En 2009, Henry Selick nous prouvait qu’il n’y a pas besoin de s’appeler Tim Burton pour réaliser un dessin animé fantastique d’excellente facture et inquiétant juste ce qu’il faut. Certes, il a travaillé avec ce dernier – en tant que co-réalisateur de L’Etrange Noël de Monsieur Jack, rien que ça- , mais Coraline ne donne pas l’impression d’une pâle copie du maître. Au contraire, le dessin animé, adapté du roman éponyme de Neil Gaiman – ouvrage jeunesse excellent, mais un brin perturbant – impose une pâte graphique bien particulière, dont les couleurs vives et l’effet « fait main », auquel contribue la stop-motion, semblent trancher avec la noirceur du sujet.

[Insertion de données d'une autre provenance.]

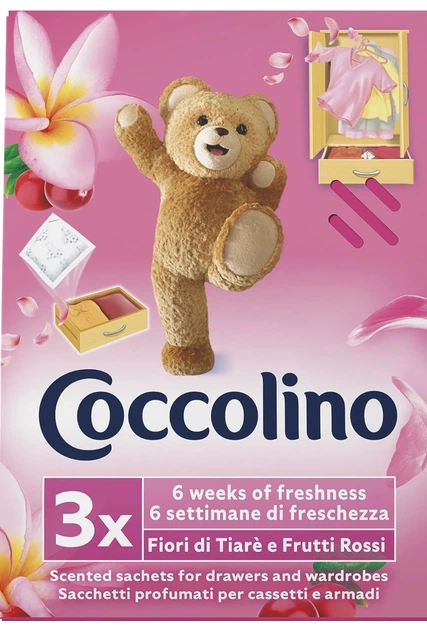 Ароматизатор для гардеробу в саше Coccolino Fiori di tiare e Frutti Rossi, 3 шт - Фото 2 Ароматизатор для гардеробу в саше Coccolino Fiori di tiare e Frutti Rossi, 3 шт - зображення 2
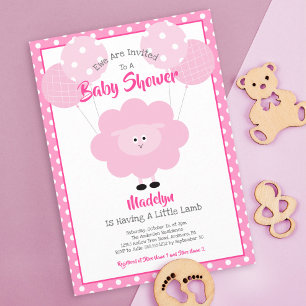 Pink Lamb Baby Shower Script Balloons Cute Modern Invitation
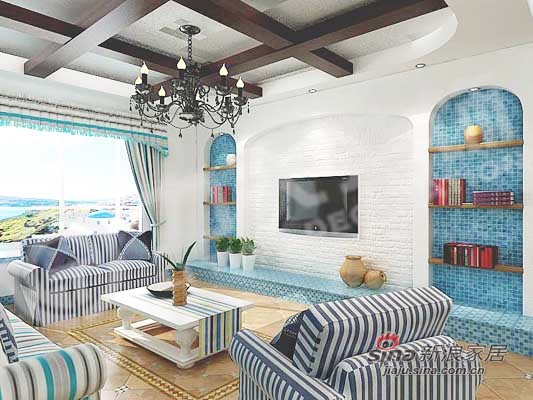 地中海 三居 客厅图片来自阳光力天装饰在地中海风情三居66的分享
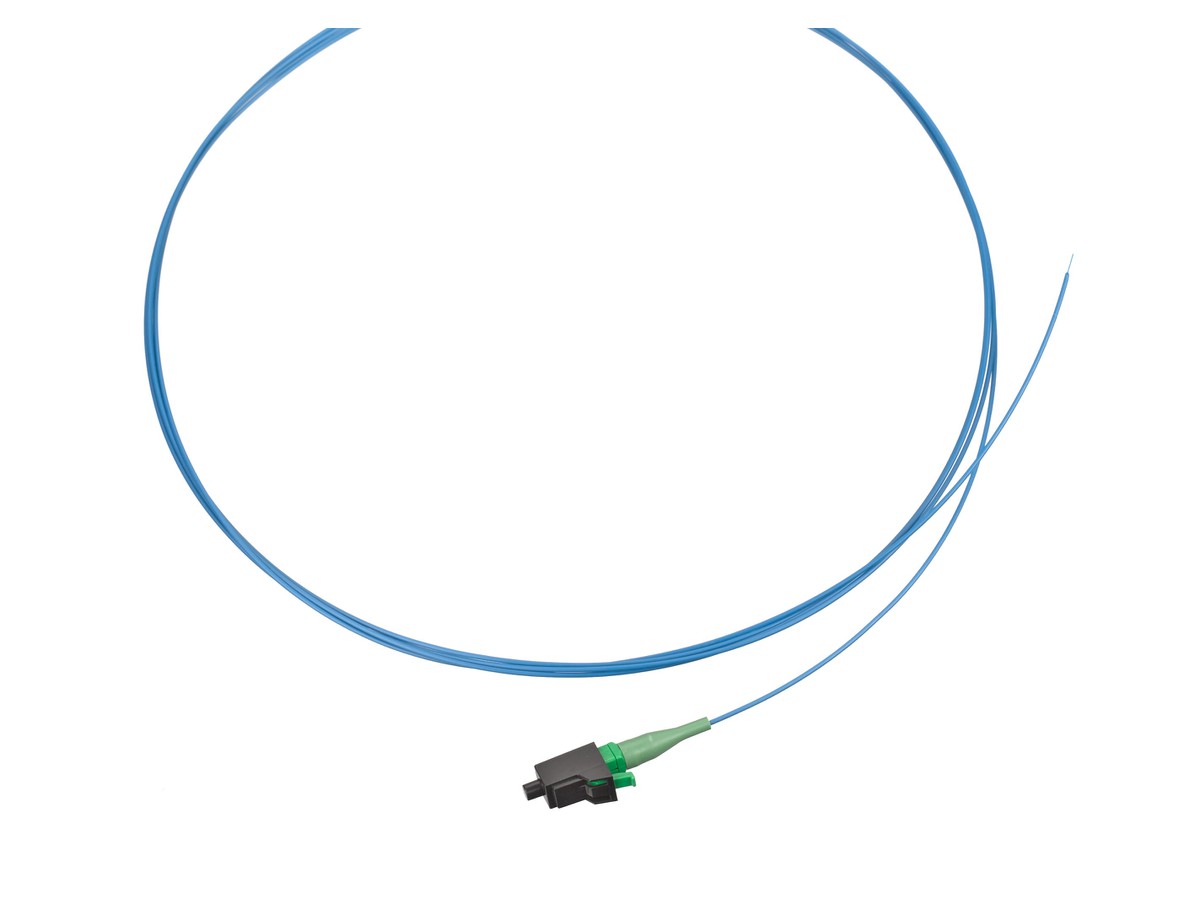 Pigtail blau für Fiberpanel Kompaktader G652 D,250 µm Stecker LC/APC  2.0 Meter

La réalité est plus subtile. L’intérêt de Coraline c’est que sa forme évolue en accord avec son fond. Ainsi le charmant récit d’aventure d’une gamine en exploration se transforme en histoire d’horreur qui évoque des thématiques aussi préoccupantes que la séquestration ou encore le besoin pathologique d’affection ; de même les créatures et décors fantasmagoriques colorés et exubérants se corrompent peu à peu et se révèlent terrifiants. La musique contribue à produire cette sensation : aux couplets entraînants et joyeux succèdent des morceaux instrumentaux inquiétants signés par le compositeur français Bruno Coulais – l’un d’eux a d’ailleurs été repris par la suite pour une publicité Nina Ricci.
Ces contrastes, cette ambivalence entre gaieté et terreur, semblent montrer en filigrane l’importance de la perception et des interprétations qui en découlent. L’inventivité n’est non pas un vain échappatoire à une existence décevante, mais bien un outil de transformation du monde. Rien de très surprenant, quand on sait que Henri Selick a également réalisé le long-métrage James et la pêche géante.